How much vram do you need to run this model? Is 48 gb unified memory enough?

zamalek · 2025-03-06T00:23:52 1741220632

39gb if you use a fp8 quantized model.[1] Remember that your OS might be using some of that itself.

As far as I recall, Ollama/llama.cpp recently added a feature to page-in parameters - so you'll be able to go arbitrarily large soon enough (at a performance cost). Obviously more in RAM = more speed = more better.

[1]: https://token-calculator.net/llm-memory-calculator

dulakian · 2025-03-06T00:59:18 1741222758

I am using the Q6_K_L quant and it's running at about 40G of vram with the KV cache.

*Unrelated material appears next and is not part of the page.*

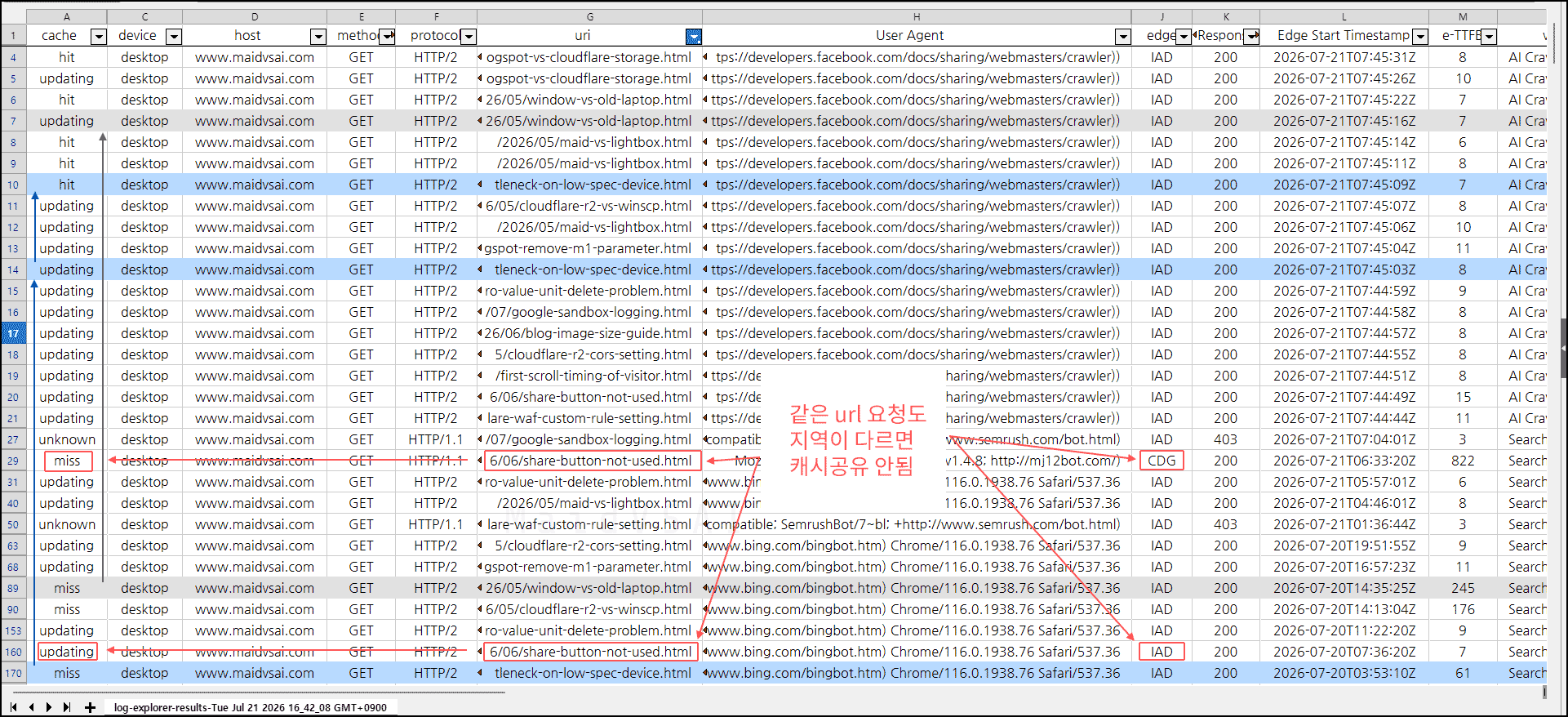 클라우드플레어 에지 캐시 miss, hit, updating 흐름과 지역별 캐시 공유 상황.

Device 1 [NVIDIA GeForce RTX 4090] MEM[||||||||||||||||||20.170Gi/23.988Gi]

Device 2 [NVIDIA GeForce RTX 4090] MEM[||||||||||||||||||19.945Gi/23.988Gi]

lostmsu · 2025-03-06T05:02:10 1741237330

What's the context length?

dulakian · 2025-03-06T15:16:28 1741274188

The model has a context of 131,072, but I only have 48G of VRAM so I run it with a context of 32768.

brandall10 · 2025-03-06T01:56:38 1741226198

It's enough for 6 bit quant with a somewhat restricted context length.

Though based on the responses here, it needs sizable context to work, so we may be limited to 4 bit (I'm on an M3 Max w/ 48gb as well).

daemonologist · 2025-03-06T00:21:04 1741220464

The quantized model fits in about 20 GB, so 32 would probably be sufficient unless you want to use the full context length (long inputs and/or lots of reasoning). 48 should be plenty.

manmal · 2025-03-06T06:17:44 1741241864

I‘ve tried the very early Q4 mlx release on an M1 Max 32GB (LM Studio @ default settings), and have run into severe issues. For the coding tasks I gave it, it froze before it was done with reasoning. I guess I should limit context size. I do love what I‘m seeing though, the output reads very similar to R1, and I mostly agree with its conclusions. The Q8 version has to be way better even.

whitehexagon · 2025-03-06T16:32:08 1741278728

Does the Q8 fit within your 32GB (also using an M1 32GB)

manmal · 2025-03-06T17:30:55 1741282255

No, Q4 just barely fits, and with a longer context sometimes things freeze. I definitely have to close Xcode.